2,500 cubic metres of natural seawater: this is the total volume held by the aquarium’s installations.
This vital element for any aquatic organism is pumped up 400 metres from where the Océarium stands.
First the water is stored, then decanted into two tanks measuring 200 cubic metres. It is then filtered, using two techniques:
- mechanical filtration
- sand filtration of the type used by swimming pools.
- The seawater is regularly monitored. The main parameters for measuring the ‘quality’ of the seawater are its salinity, pH, and levels of dissolved nitrates and oxygen. Thanks to its special geographical position, Le Croisic peninsula, which penetrates 5 km into the sea, has very good quality water.
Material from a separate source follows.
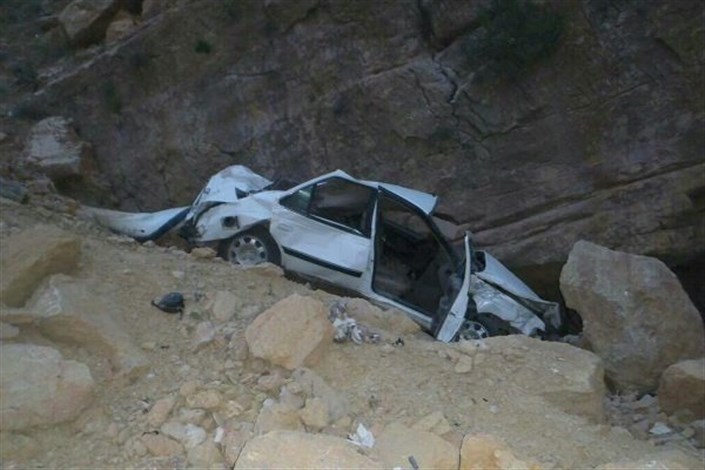 آتش نشانان  راننده را از عمق ۱۰۰ متری دره‌ امامزاده داود نجات دادند 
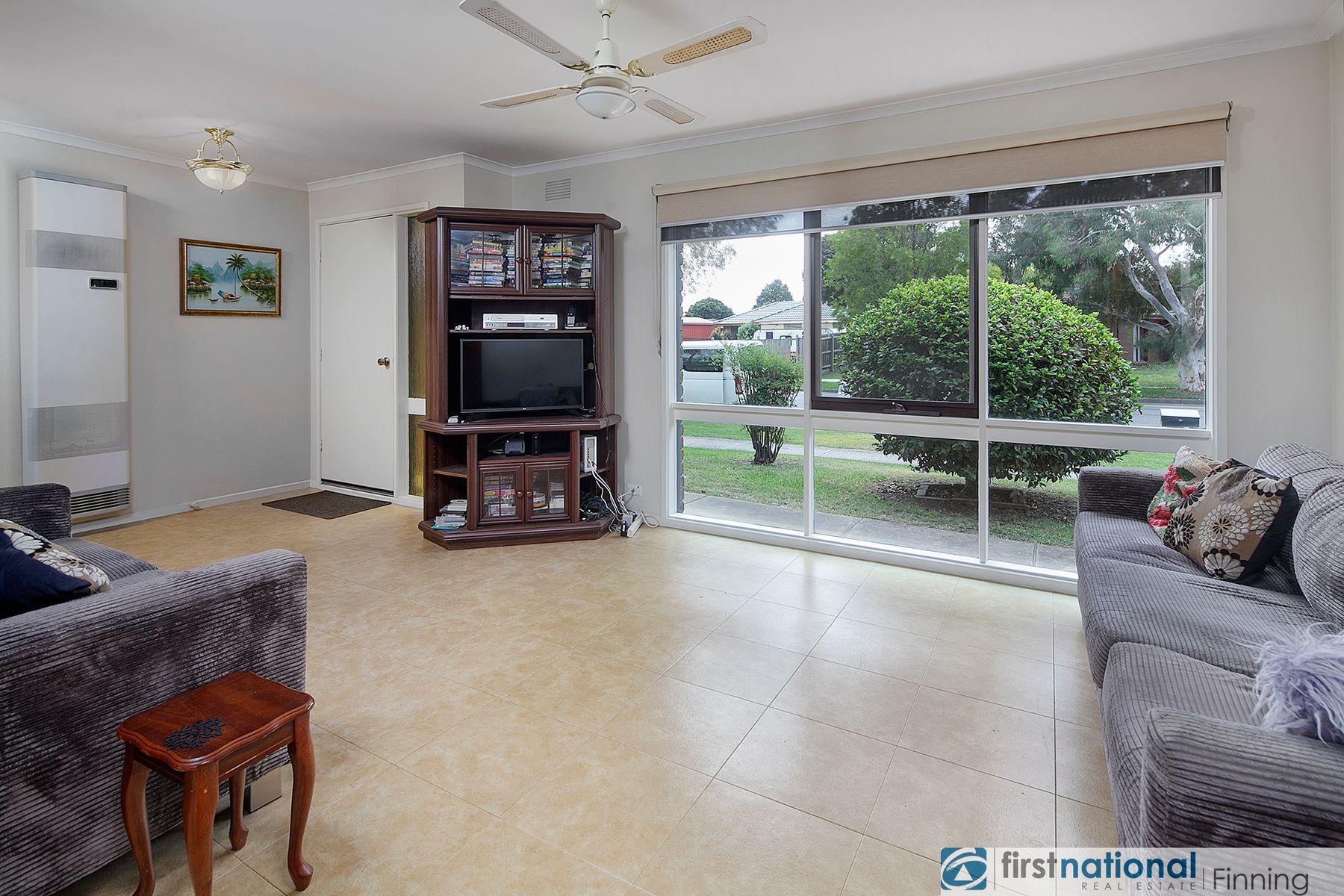 56 Endeavour Drive, Cranbourne North VIC 3977, Cranbourne North - Thumbnail 4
The 55 saltwater aquariums on display to the public are simply the visible part of a complex mechanism. The filtration room, the lifeline of the aquariums, is in the basement. It is here that the seawater is oxygenated and cleaned, and where its temperature is regulated.
The water in the aquariums is partially renewed, at around 5% a day. All the ‘Atlantic’ area aquariums are connected to a heat exchanger and a cooling unit so their temperature can be maintained at 16 degrees Celsius. For the tropical area tanks, a gas boiler and a heat pump maintain the water at 25 degrees Celsius. Ultraviolet light is used to sterilise the tanks.